The design and method [described by Reinhard Ulrich - Interference Filters for the Far Infrared // Applied Optics, October 1968, Vol.7, No. 10, pp.1987-1996], where the design of the metal mesh structure (MCC), were selected as an analogue represents a thin-film copper structure with a thickness of ~ 1 μm, formed using photolithography on the surface of a supporting polyethylene-terephthalate film with a thickness of ~ 2.5 μm (see Figure 1).

The device selected as an analogue has the following main drawback, due to the "presence" of the supporting polymer film in the holes formed in the metal layer, which is expressed both in spurious dissipative energy losses of the selectable electromagnetic radiation in the polymer film material and, in general, in distortion selective properties of the grid structure.

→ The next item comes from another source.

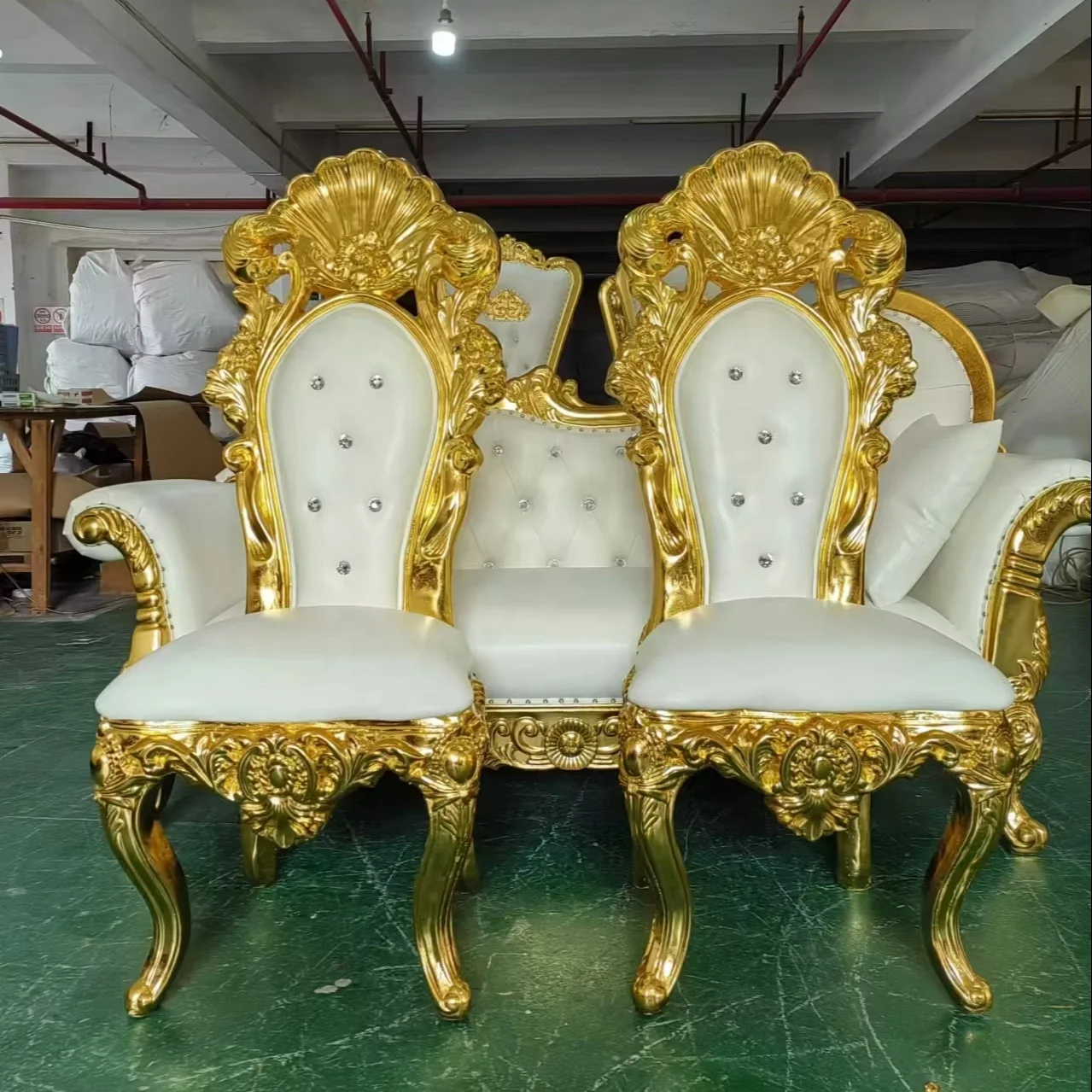 Luxury Royal King Wedding Adult Throne Sofa Wooden White And Gold PU Leather Big Quince King Throne Chairs Rental For Sale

As a prototype, the design (see Fig. 2a) and the method [described in the work by Kuznetsov S.A., Goldenberg B.G., Kalinin P.V. et al. Development of copper grid structures for frequency and spatial selection of THz radiation from a Novosibirsk free electron laser // Surface. X-ray, synchrotron, and neutron studies, 2009, No. 9, pp. 38-49], where the MCC structure is a free-hanging copper film structure ~ 80 μm thick (formed using deep X-ray lithography on the surface of a conductive glassy carbon substrate using a rhenium separation layer thick ~ 1 μm, see Fig.2b).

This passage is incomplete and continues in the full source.